Hexenei und Fliegenpilz - Exkursion in das Reich der Pilze

 

Zu einer der letzten Veranstaltungen der 4. Würselener Umwelttage begrüßte Ursula Wawra bei strahlendem Sonnenschein mehr als 60 Naturfreunde im Stadtwald. Die Pilzexkursion, die vom Naturschutzbund Deutschland (NABU) angeboten wurde, stieß auf so großes Interesse, dass gleich zwei Gruppen gebildet werden mussten, um die „heimliche“ Welt der Pilze und deren faszinierende Lebensweise allen Interessierten vorzustellen.

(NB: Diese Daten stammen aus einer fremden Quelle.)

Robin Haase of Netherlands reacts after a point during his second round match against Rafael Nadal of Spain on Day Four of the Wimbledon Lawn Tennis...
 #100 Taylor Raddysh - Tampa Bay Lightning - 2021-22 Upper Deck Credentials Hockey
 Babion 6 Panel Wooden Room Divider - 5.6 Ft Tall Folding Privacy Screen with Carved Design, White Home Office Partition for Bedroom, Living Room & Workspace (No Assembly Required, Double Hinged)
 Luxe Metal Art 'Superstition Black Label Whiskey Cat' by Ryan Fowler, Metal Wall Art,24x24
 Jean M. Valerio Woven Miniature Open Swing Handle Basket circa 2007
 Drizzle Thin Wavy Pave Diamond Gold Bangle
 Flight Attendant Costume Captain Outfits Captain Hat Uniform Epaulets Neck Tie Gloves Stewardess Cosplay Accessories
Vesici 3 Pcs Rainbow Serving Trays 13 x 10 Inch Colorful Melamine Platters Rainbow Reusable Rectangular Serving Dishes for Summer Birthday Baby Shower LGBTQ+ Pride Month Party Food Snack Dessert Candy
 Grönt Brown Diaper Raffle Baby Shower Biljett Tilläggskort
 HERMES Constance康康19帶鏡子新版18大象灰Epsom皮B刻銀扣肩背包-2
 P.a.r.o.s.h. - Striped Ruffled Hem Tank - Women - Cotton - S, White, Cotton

Kaum vom Weg abgebogen, befand man sich auch schon inmitten der Zauberwelt: Hexeneier - die Jugendstadien der Stinkmorchel - lugten in großer Zahl durch die Waldstreu hindurch. Vorsichtig bewegte sich die Gruppe durch das Unterholz, wollte man die seltsamen Gebilde doch nicht zertreten. Dass ein Hexenei verzaubert sei, davon waren unsere Vorfahren übrigens überzeugt: stand es nämlich an einer bestimmten Stelle im Wald, so war es spätestens am darauffolgenden Tag verschwunden. Statt dessen befand sich dort der Stinkmorchel, ein Pilz, der seinem Namen alle Ehre macht. Innerhalb weniger Stunden „schießt“ aus dem Hexenei der fertige Pilz, der das rasend schnelle Wachstum durch Wasseraufnahme bewältigt.
Welch wichtige Funktion Pilze für unseren Naturhaushalt haben, machte Ursula Wawra im weiteren Verlauf der Exkursion deutlich. Sie sind die Hauptzersetzer im Wald und ihre Pilzfäden - auch Mycel genannt - durchziehen den gesamten Waldboden. Sie bringen mehr als das Zehnfache an Trockengewicht pro Hektar auf die Waage, als die für ihre Abbauleistung bekannten Regenwürmer, Asseln, Milben und Springschwänze. Durch ihre Arbeit entsteht also aus herabgefallenen Blättern und Nadeln neue Erde. „Ein Grund mit diesen hochinteressanten Geschöpfen vorsichtig umzugehen, das Pilzesammeln einzuschränken und das Mycel an der Stelle zu schließen, an dem ein Pilz-Fruchtkörper vorsichtig herausgedreht wurde“, so Ursula Wawra. Besonders bedrohlich sind jedoch viele Waldbaumaßnahmen: wenn mit schwerem Gerät die Humusschicht des Waldbodens aufgewühlt wird, werden die Pilzfäden zerstört.
Ob die Pilze eher zu den Pflanzen oder Tieren gehören, ist auch heute noch ein Streitthema der Wissenschaft: vieles spricht dafür, die Pilze eher zum Tierreich zu zählen, weisen sie doch in ihren Zellwänden Chitin auf, eine Substanz, die in der Pflanzenwelt nicht vorkommt.
Mit dem Pilzesammeln vorsichtig zu sein, hat auch noch einen anderen Grund: man muss sie schon sehr gut kennen, um sich nicht den Magen zu verderben, sich ungewollt in einen Rauschzustand zu begeben oder gar schwere Organschäden zu riskieren. Der Kahle Krempling z.B. galt jahrelang als essbar und ungiftig. Mittlerweile weiß man jedoch, dass mit jedem Verzehr Blutveränderungen einhergehen, bis dann plötzlich eine - übrigens für jeden Menschen individuelle - Grenze überschritten wird, die zum plötzlichen Tod führt.
Der Fliegenpilz dagegen ist weniger giftig als sein Ruf. Den Namen haben unsere Vorfahren ihm gegeben, weil sein Kopf - mit Zucker und Milch in einer Schüssel zusammengemischt - eine klebrige und stinkende Masse bildete, mit der sich hervorragend Fliegen fangen ließen. Der signalrote Pilz lebt übrigens in einer engen Lebensgemeinschaft mit der Birke: sein Mycel umwickelt die Birkenwurzeln, gibt ihnen Wasser und Stickstoff. Er erhält dafür wertvolle Kohlenhydrate von der Birke, die er selbst nicht herzustellen vermag.
Viele weitere interessante Pilzarten wurden im Laufe der Exkursion noch entdeckt. Grünblättriges Schwefelköpfchen, falscher Pfifferling und Ziegenbart: am Schluss waren alle sich einig, dass die Pilze nicht nur ein außerordentlich interessantes Leben führen, sondern auch unseren besonderen Schutz bedürfen, wenn wir auf ihre wichtige Zersetzungsarbeit nicht verzichten wollen.